Diplomas are the most comprehensive of the three. They offer an extensive programme of learning, allowing you to learn more about a subject than awards and certificates of the same level. They can also be studied at any level.All three may be taken as stand-alone courses, alongside other (academic or vocational) qualifications, or as part of a wider programme such as an apprenticeship.
All qualifications on the RQF have a 'size' which is expressed in terms of total qualification time (TQT).
TQT can be thought of as credits i.e. one credit equals 10 hours of learning.
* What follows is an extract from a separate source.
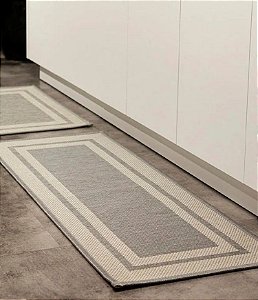 Tapete para Cozinha Antiderrapante Modelo Geo Grafite (45x120CM)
This learning time can be contact time with a tutor or an assessor, as well as non-contact time for assignments and studies.
For example, if a qualification has a TQT of 12, it would take approximately 120 hours to achieve (12 x 10).
Ofqual's (2015) TQT document was withdrawn in 2018, however, you can still download the document by clicking here.
Guided learning hours (GLH) can also be used to determine how much time is guided by the tutor/assessor when with their learners.
The Award, Certificate and Diploma in Education and Training which were originally approved onto the QCF were extended until July 2020. The ETF will provide updated information via this link.
The book Principles and Practices of Teaching and Training (in the picture) should give trainee teachers all they need to start their role and work towards a relevant teaching qualification which is on the RQF (or not).
If you are a teacher or a learner of the teaching qualifications, you can find resources to help you here.
Ofqual is independent of government and reports directly to Parliament.